The salient characteristic of Preservation Metadata about objects is that the information describes attributes and issues that are useful over the long-term life of the objects. The conventional view of metadata assigns them into three categories – Administrative, Descriptive, Structural. This division doesn't highlight the common purpose of preservation metadata.

The OAIS model introduces another view, distinguished by the long-term function of the metadata. Four new categories—Reference, Context, Provenance, and Fixity Information—grouped under the umbrella term Preservation Description Information (PDI), make the long-term issues explicit. A fifth category, called Representation Information, contains information about the viewers and programs needed to process particular digital objects. A sixth category, Descriptive Information, contains more ephemeral metadata—the information used to aid searching, ordering, and retrieval of the objects.

Preservation Description Information

1) Reference Information: enumerates and describes identifiers assigned to the content information such that it can be referred to unambiguously, both internally and externally to the archive (e.g., ISBN, URN).
2) Provenance Information: documents the history of the content information (e.g., its origins, chain of custody, preservation actions and effects) and helps to support claims of authenticity and integrity.
3) Context Information: documents the relationship of the content information to its environment (e.g., why it was created, relationships to other content information).
4) Fixity Information: documents authentication mechanisms used to ensure that the content information has not been altered in an undocumented manner (e.g., checksum, digital signature).
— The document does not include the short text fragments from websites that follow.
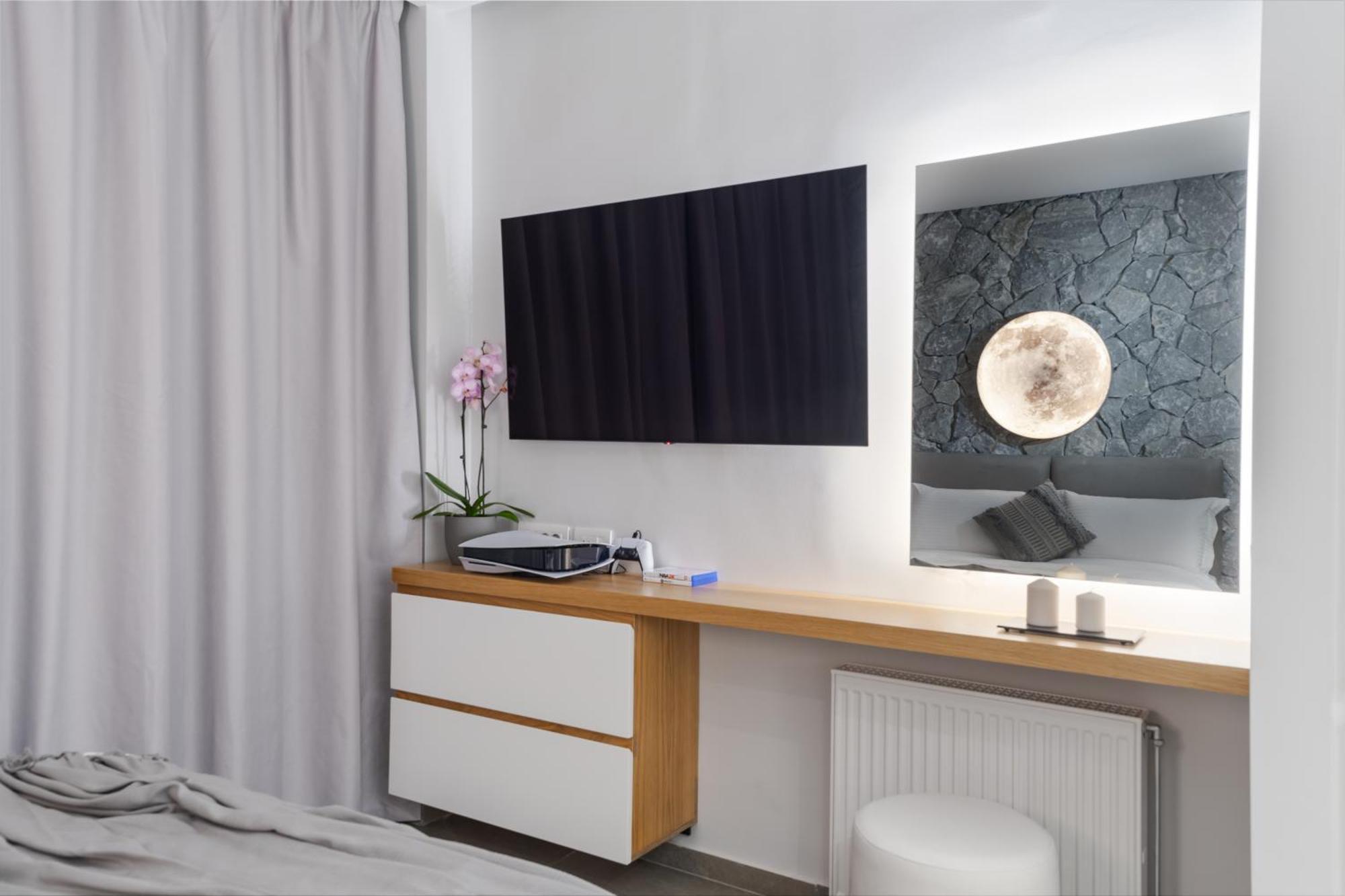 Sunrise Rent Rooms Амуді Номер фото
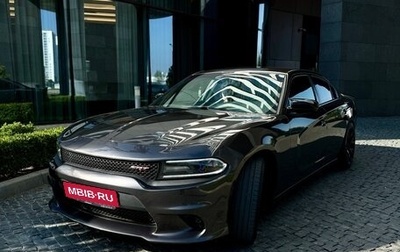 Dodge Charger, 2016 год, 3 280 000 рублей, 1 фотография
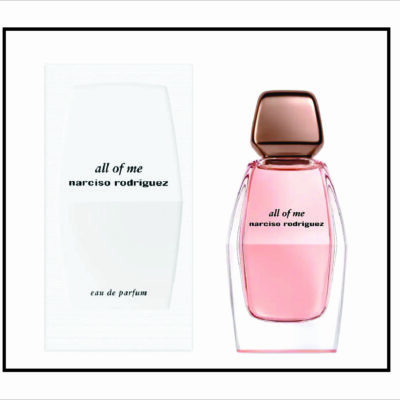 N. RODRIGUEZ ALL OF ME EDP 90 ML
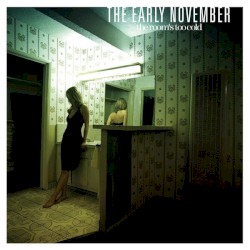 The Room’s Too Cold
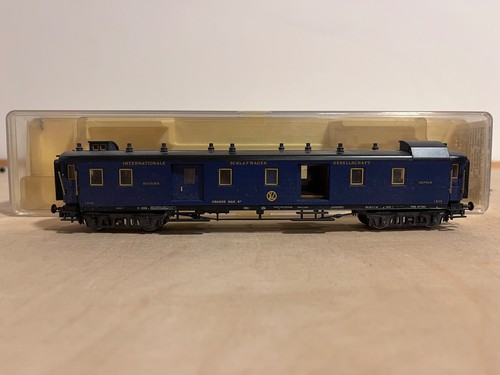 Trix 23797 ciwl orient express - trix,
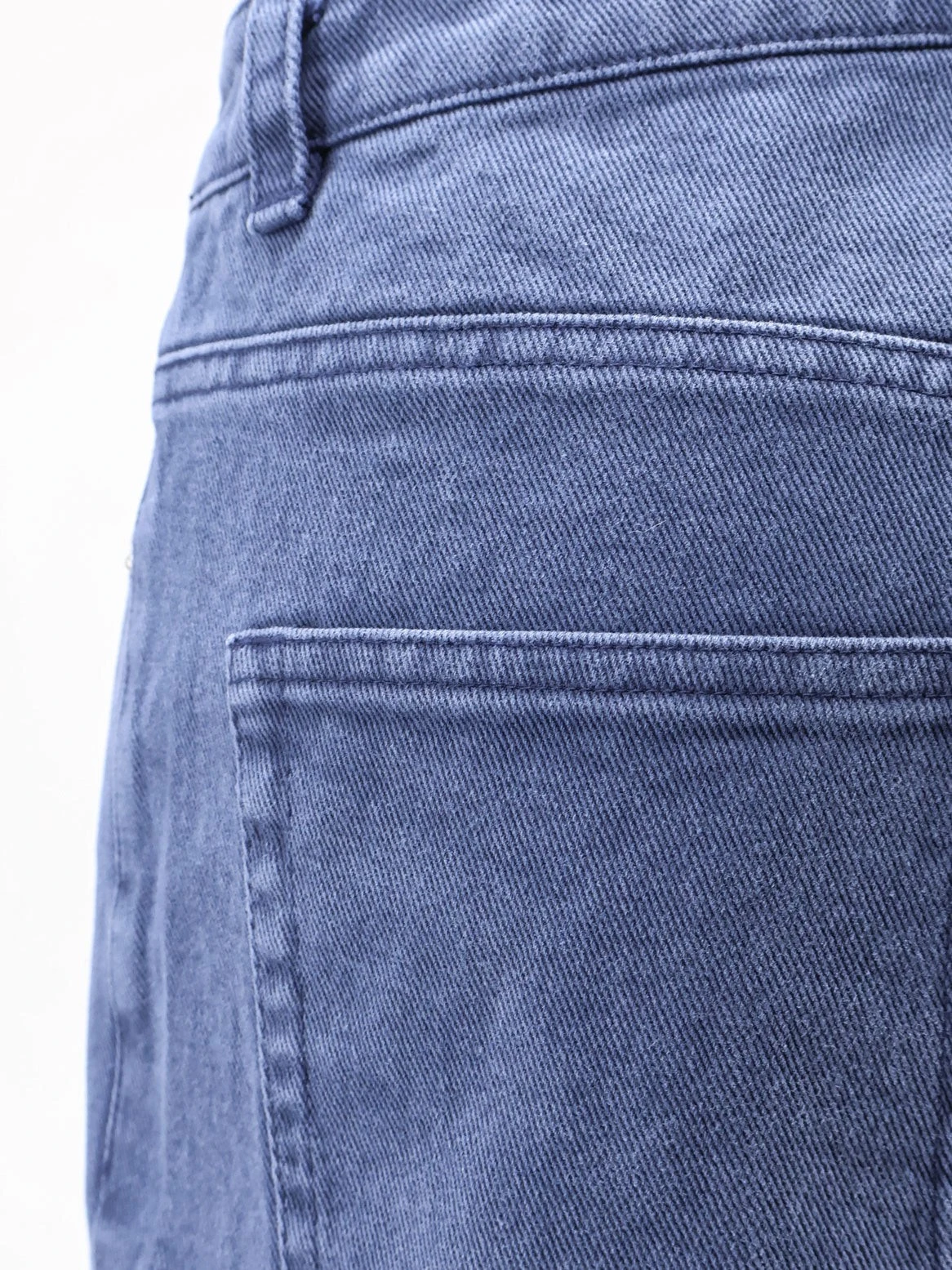 Blue denim jeans.webp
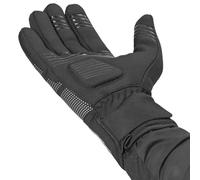 Gripgrab Ride 2 Waterproof Winter Gloves L Black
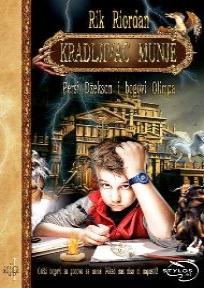 Kradljivac munje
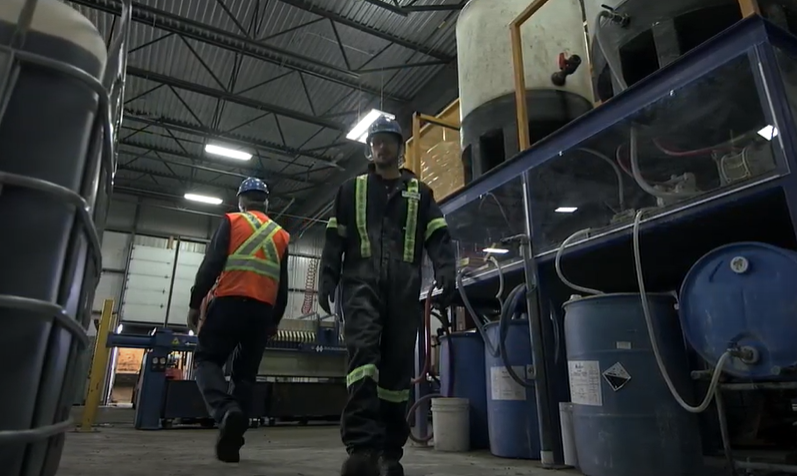 F E C Technologie | 493 Bd Poirier, Magog, QC J1X 0A1, Canada | Phone: (819) 843-3550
Representation Information

Representation information facilitates the proper rendering, understanding, and interpretation of a digital object's content. At the most fundamental level, representation information imparts meaning to an object’s bitstream. For example, it may indicate that a sequence of bits represents text encoded as ASCII characters and furthermore, that the text is in French. The depth of the representation information needed depends in part on the designated community for whom the content is intended.

digital preservation Preservation related metadata standards are developing across the digital preservation landscape. Recent developments include the second data dictionary from PREMIS, the NISO Technical Metadata for Digital Still Images, and METS, which is being actively taken up by a number of digital preservation initiatives. Each organization has to navigate through the changing metadata scene to consider the standards, practice, protocols, and tools that fit their digital preservation development approach and stage. As preservation metadata practices stabilize, it will be less necessary for individual organizations to devise interim approaches, but many organizations are finding it necessary to forge ahead with an eye towards community developments and standards.

 

 

0101 The technological challenge is to adapt, adopt, and develop appropriate tools and techniques (e.g., JHOVE, PRONOM, Xena) as the organization determines short-term and long-term strategies for addressing evolving preservation metadata requirements. How do community developments on preservation metadata fit into the organization’s digital preservation development plans? What will it take to make new or legacy digital objects ready for long-term preservation?

$$$$ Preservation metadata costs are beginning to shift from handwork approaches to automated processing and handling. Resources are better spent on developing effective processes and workflow than on manual operations. Open source software and tools require resources to effectively incorporate them into an organization’s digital preservation program.